Melissa was diagnosed with breast cancer in 2004 and she went through a whole lot of chemotherapy. Since Melissa is a breast cancer survivor, The Washington Blade (via UsWeekly) asked her what she thinks of St. Angie’s decision. Here’s what Dr. Melissa Etheridge said:
I have to say I feel a little differently. I have that gene mutation too and it’s not something I would believe in for myself. I wouldn’t call it the brave choice. I actually think it’s the most fearful choice you can make when confronting anything with cancer. My belief is that cancer comes from inside you and so much of it has to do with the environment of your body. It’s the stress that will turn that gene on or not. Plenty of people have the gene mutation and everything but it never comes to cancer so I would say to anybody faced with that, that choice is way down the line on the spectrum of what you can do and to really consider the advancements we’ve made in things like nutrition and stress levels. I’ve been cancer free for nine years now and looking back, I completely understand why I got cancer. There was so much acidity in everything. I really encourage people to go a lot longer and further before coming to that conclusion.

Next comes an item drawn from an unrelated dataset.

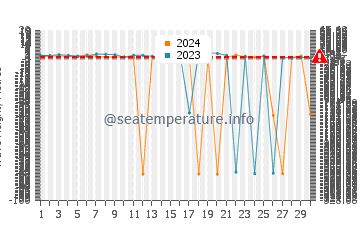 Waves height in Elephant Island in June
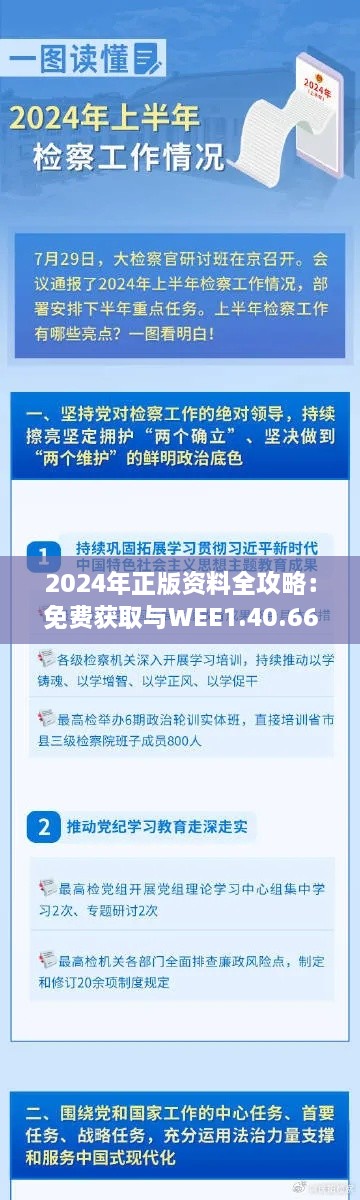 2024年正版资料全攻略：免费获取与WEE1.40.66清晰版分析计划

This sort of reminds me when I got hit by a bike at the beach and as I’m lying on the ground with my side split open, crying in pain, some stranger lady said to me, “Just think soothing thoughts. Think of swimming in the ocean.” The only thought I was thinking to myself was, bitch, how can I think of rainbows and dolphins and mermaids when my body is split open. Give me some damn morphine and then I’ll quit crying to tell you a colorful and magical tale about Ariel and her sea creature friends and shit.
If only St. Angie talked to Melissa before she went through that surgery. Then she would’ve found out that all she had to do was eat some lentils, squeeze a stress ball and take a few Calgon baths. So now you tell us, Melissa!
And if it wasn’t for that whole “out and proud lesbian thing,” Scientology would totally embrace Melissa and make her their High Priestess of Medicine.